WHAT IS BEING ASKED: Every entry must be duplicated word for word.
(RECORDS PROVIDED)
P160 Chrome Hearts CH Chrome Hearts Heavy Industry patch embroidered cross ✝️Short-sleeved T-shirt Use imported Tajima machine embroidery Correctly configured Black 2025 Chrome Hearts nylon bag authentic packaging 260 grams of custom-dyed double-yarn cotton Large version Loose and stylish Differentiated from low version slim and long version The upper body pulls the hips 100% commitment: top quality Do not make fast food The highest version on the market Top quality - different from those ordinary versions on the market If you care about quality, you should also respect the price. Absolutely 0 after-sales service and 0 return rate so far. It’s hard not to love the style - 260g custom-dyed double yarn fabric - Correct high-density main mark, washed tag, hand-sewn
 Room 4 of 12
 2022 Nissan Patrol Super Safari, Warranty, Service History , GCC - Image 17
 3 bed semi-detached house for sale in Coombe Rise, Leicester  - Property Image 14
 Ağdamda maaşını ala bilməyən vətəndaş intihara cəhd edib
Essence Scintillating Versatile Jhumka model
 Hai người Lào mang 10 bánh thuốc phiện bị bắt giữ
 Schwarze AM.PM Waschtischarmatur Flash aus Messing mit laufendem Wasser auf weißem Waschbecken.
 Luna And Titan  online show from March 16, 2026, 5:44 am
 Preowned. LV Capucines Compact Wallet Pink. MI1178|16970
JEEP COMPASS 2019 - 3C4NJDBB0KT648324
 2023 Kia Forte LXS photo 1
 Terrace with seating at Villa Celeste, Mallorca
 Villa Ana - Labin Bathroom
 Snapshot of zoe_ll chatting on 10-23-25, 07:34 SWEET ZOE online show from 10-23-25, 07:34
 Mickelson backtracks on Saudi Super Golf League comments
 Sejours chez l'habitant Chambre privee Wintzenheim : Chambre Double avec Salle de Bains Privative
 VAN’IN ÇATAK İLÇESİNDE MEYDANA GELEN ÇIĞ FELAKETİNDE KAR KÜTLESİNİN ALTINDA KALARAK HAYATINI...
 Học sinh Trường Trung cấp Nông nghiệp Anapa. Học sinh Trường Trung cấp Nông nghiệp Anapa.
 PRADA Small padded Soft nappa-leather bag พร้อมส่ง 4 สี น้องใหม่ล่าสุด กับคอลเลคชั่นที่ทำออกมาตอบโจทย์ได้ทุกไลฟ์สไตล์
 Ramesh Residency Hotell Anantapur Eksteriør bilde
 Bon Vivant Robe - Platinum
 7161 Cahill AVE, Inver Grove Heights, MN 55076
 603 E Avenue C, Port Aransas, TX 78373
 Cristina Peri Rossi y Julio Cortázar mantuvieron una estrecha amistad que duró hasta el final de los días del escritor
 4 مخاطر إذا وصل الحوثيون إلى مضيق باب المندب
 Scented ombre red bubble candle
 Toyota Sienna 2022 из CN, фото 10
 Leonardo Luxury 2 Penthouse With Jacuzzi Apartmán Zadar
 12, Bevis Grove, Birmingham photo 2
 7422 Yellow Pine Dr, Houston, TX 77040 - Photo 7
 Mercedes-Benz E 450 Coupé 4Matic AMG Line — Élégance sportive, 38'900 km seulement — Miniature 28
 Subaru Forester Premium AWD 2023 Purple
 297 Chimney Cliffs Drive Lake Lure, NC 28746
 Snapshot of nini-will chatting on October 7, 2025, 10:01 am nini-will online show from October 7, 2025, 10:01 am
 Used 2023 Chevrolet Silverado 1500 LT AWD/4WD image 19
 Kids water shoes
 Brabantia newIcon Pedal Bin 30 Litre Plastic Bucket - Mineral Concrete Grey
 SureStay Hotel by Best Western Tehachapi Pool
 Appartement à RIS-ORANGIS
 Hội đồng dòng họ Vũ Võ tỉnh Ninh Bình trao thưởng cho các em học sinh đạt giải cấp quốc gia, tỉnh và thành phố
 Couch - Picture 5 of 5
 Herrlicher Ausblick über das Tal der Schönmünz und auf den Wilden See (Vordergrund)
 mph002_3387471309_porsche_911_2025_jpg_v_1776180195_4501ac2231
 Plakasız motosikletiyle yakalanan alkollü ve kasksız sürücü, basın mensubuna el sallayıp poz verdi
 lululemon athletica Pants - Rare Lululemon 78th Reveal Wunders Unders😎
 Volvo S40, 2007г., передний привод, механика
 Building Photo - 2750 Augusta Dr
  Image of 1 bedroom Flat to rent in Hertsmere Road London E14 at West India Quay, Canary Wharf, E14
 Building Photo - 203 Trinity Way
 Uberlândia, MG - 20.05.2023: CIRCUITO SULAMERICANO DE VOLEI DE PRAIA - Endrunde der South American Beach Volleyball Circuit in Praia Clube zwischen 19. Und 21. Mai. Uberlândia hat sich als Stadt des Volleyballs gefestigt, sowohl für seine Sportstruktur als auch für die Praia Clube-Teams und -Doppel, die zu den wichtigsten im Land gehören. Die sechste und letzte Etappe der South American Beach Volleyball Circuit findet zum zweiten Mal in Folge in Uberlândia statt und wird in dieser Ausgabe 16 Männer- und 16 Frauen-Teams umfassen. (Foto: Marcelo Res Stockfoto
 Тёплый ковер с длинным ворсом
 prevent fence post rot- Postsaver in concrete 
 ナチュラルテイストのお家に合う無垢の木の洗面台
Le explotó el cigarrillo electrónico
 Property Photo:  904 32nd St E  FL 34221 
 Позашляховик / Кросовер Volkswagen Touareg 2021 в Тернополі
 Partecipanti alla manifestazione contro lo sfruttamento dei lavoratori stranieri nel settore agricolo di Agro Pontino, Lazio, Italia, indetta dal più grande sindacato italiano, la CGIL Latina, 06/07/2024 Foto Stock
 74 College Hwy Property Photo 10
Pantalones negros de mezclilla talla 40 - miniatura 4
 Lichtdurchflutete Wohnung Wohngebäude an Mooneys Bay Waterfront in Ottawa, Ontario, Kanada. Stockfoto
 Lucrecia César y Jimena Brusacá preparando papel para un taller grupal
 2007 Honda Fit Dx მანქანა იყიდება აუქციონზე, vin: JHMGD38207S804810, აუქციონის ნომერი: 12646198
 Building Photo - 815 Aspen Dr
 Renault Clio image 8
(End RECORDS PROVIDED)
FINISHED TASK:
P160 Chrome Hearts CH Chrome Hearts Heavy Industry patch embroidered cross ✝️Short-sleeved T-shirt Use imported Tajima machine embroidery Correctly configured Black 2025 Chrome Hearts nylon bag authentic packaging 260 grams of custom-dyed double-yarn cotton Large version Loose and stylish Differentiated from low version slim and long version The upper body pulls the hips 100% commitment: top quality Do not make fast food The highest version on the market Top quality - different from those ordinary versions on the market If you care about quality, you should also respect the price. Absolutely 0 after-sales service and 0 return rate so far. It’s hard not to love the style - 260g custom-dyed double yarn fabric - Correct high-density main mark, washed tag, hand-sewn
 Room 4 of 12
 2022 Nissan Patrol Super Safari, Warranty, Service History , GCC - Image 17
 3 bed semi-detached house for sale in Coombe Rise, Leicester  - Property Image 14
 Ağdamda maaşını ala bilməyən vətəndaş intihara cəhd edib
Essence Scintillating Versatile Jhumka model
 Hai người Lào mang 10 bánh thuốc phiện bị bắt giữ
 Schwarze AM.PM Waschtischarmatur Flash aus Messing mit laufendem Wasser auf weißem Waschbecken.
 Luna And Titan  online show from March 16, 2026, 5:44 am
 Preowned. LV Capucines Compact Wallet Pink. MI1178|16970
JEEP COMPASS 2019 - 3C4NJDBB0KT648324
 2023 Kia Forte LXS photo 1
 Terrace with seating at Villa Celeste, Mallorca
 Villa Ana - Labin Bathroom
 Snapshot of zoe_ll chatting on 10-23-25, 07:34 SWEET ZOE online show from 10-23-25, 07:34
 Mickelson backtracks on Saudi Super Golf League comments
 Sejours chez l'habitant Chambre privee Wintzenheim : Chambre Double avec Salle de Bains Privative
 VAN’IN ÇATAK İLÇESİNDE MEYDANA GELEN ÇIĞ FELAKETİNDE KAR KÜTLESİNİN ALTINDA KALARAK HAYATINI...
 Học sinh Trường Trung cấp Nông nghiệp Anapa. Học sinh Trường Trung cấp Nông nghiệp Anapa.
 PRADA Small padded Soft nappa-leather bag พร้อมส่ง 4 สี น้องใหม่ล่าสุด กับคอลเลคชั่นที่ทำออกมาตอบโจทย์ได้ทุกไลฟ์สไตล์
 Ramesh Residency Hotell Anantapur Eksteriør bilde
 Bon Vivant Robe - Platinum
 7161 Cahill AVE, Inver Grove Heights, MN 55076
 603 E Avenue C, Port Aransas, TX 78373
 Cristina Peri Rossi y Julio Cortázar mantuvieron una estrecha amistad que duró hasta el final de los días del escritor
 4 مخاطر إذا وصل الحوثيون إلى مضيق باب المندب
 Scented ombre red bubble candle
 Toyota Sienna 2022 из CN, фото 10
 Leonardo Luxury 2 Penthouse With Jacuzzi Apartmán Zadar
 12, Bevis Grove, Birmingham photo 2
 7422 Yellow Pine Dr, Houston, TX 77040 - Photo 7
 Mercedes-Benz E 450 Coupé 4Matic AMG Line — Élégance sportive, 38'900 km seulement — Miniature 28
 Subaru Forester Premium AWD 2023 Purple
 297 Chimney Cliffs Drive Lake Lure, NC 28746
 Snapshot of nini-will chatting on October 7, 2025, 10:01 am nini-will online show from October 7, 2025, 10:01 am
 Used 2023 Chevrolet Silverado 1500 LT AWD/4WD image 19
 Kids water shoes
 Brabantia newIcon Pedal Bin 30 Litre Plastic Bucket - Mineral Concrete Grey
 SureStay Hotel by Best Western Tehachapi Pool
 Appartement à RIS-ORANGIS
 Hội đồng dòng họ Vũ Võ tỉnh Ninh Bình trao thưởng cho các em học sinh đạt giải cấp quốc gia, tỉnh và thành phố
 Couch - Picture 5 of 5
 Herrlicher Ausblick über das Tal der Schönmünz und auf den Wilden See (Vordergrund)
 mph002_3387471309_porsche_911_2025_jpg_v_1776180195_4501ac2231
 Plakasız motosikletiyle yakalanan alkollü ve kasksız sürücü, basın mensubuna el sallayıp poz verdi
 lululemon athletica Pants - Rare Lululemon 78th Reveal Wunders Unders😎
 Volvo S40, 2007г., передний привод, механика
 Building Photo - 2750 Augusta Dr
  Image of 1 bedroom Flat to rent in Hertsmere Road London E14 at West India Quay, Canary Wharf, E14
 Building Photo - 203 Trinity Way
 Uberlândia, MG - 20.05.2023: CIRCUITO SULAMERICANO DE VOLEI DE PRAIA - Endrunde der South American Beach Volleyball Circuit in Praia Clube zwischen 19. Und 21. Mai. Uberlândia hat sich als Stadt des Volleyballs gefestigt, sowohl für seine Sportstruktur als auch für die Praia Clube-Teams und -Doppel, die zu den wichtigsten im Land gehören. Die sechste und letzte Etappe der South American Beach Volleyball Circuit findet zum zweiten Mal in Folge in Uberlândia statt und wird in dieser Ausgabe 16 Männer- und 16 Frauen-Teams umfassen. (Foto: Marcelo Res Stockfoto
 Тёплый ковер с длинным ворсом
 prevent fence post rot- Postsaver in concrete 
 ナチュラルテイストのお家に合う無垢の木の洗面台
Le explotó el cigarrillo electrónico
 Property Photo:  904 32nd St E  FL 34221 
 Позашляховик / Кросовер Volkswagen Touareg 2021 в Тернополі
 Partecipanti alla manifestazione contro lo sfruttamento dei lavoratori stranieri nel settore agricolo di Agro Pontino, Lazio, Italia, indetta dal più grande sindacato italiano, la CGIL Latina, 06/07/2024 Foto Stock
 74 College Hwy Property Photo 10
Pantalones negros de mezclilla talla 40 - miniatura 4
 Lichtdurchflutete Wohnung Wohngebäude an Mooneys Bay Waterfront in Ottawa, Ontario, Kanada. Stockfoto
 Lucrecia César y Jimena Brusacá preparando papel para un taller grupal
 2007 Honda Fit Dx მანქანა იყიდება აუქციონზე, vin: JHMGD38207S804810, აუქციონის ნომერი: 12646198
 Building Photo - 815 Aspen Dr
 Renault Clio image 8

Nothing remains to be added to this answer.